#### Work item:
Write out again the entries from the first line to the line that includes "Efavormart Crystal Glass", keeping both of those lines.

Stored records:
_____

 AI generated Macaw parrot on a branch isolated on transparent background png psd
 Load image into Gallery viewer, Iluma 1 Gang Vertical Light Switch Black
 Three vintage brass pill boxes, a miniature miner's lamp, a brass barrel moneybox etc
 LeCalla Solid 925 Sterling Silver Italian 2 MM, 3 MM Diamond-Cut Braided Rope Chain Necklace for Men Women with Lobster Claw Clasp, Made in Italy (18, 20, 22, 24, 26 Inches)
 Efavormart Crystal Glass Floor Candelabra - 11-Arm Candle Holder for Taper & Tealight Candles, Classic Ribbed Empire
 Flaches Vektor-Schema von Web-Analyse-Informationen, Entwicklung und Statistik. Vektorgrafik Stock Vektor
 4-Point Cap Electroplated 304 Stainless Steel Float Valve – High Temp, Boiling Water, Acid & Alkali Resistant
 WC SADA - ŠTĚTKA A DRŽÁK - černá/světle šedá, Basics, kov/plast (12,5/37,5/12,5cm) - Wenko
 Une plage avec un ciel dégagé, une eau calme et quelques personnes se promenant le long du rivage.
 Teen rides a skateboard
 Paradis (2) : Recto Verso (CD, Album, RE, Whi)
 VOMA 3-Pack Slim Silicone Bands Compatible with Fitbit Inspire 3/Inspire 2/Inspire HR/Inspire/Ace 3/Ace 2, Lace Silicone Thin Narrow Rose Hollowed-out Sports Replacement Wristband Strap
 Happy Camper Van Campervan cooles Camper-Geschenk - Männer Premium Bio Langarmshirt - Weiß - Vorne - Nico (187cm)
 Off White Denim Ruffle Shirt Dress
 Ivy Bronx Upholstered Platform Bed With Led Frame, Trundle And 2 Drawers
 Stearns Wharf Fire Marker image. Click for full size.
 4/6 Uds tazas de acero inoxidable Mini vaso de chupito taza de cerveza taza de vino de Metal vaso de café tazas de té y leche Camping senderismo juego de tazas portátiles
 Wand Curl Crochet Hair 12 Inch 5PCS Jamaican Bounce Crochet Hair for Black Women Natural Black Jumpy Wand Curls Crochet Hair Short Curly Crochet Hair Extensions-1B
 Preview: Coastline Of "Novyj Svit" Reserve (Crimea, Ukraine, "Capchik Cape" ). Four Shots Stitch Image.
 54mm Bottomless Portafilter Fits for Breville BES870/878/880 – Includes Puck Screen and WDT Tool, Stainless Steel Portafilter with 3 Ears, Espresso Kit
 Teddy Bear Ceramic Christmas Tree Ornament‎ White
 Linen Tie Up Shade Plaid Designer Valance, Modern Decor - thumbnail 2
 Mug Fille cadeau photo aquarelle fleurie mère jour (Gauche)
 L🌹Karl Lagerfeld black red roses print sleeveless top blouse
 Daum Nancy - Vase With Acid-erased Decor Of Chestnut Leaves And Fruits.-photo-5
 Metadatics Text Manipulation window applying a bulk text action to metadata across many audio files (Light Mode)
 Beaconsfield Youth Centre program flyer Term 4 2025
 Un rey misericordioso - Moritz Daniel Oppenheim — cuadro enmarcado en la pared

_____

#### Response box:
 AI generated Macaw parrot on a branch isolated on transparent background png psd
 Load image into Gallery viewer, Iluma 1 Gang Vertical Light Switch Black
 Three vintage brass pill boxes, a miniature miner's lamp, a brass barrel moneybox etc
 LeCalla Solid 925 Sterling Silver Italian 2 MM, 3 MM Diamond-Cut Braided Rope Chain Necklace for Men Women with Lobster Claw Clasp, Made in Italy (18, 20, 22, 24, 26 Inches)
 Efavormart Crystal Glass Floor Candelabra - 11-Arm Candle Holder for Taper & Tealight Candles, Classic Ribbed Empire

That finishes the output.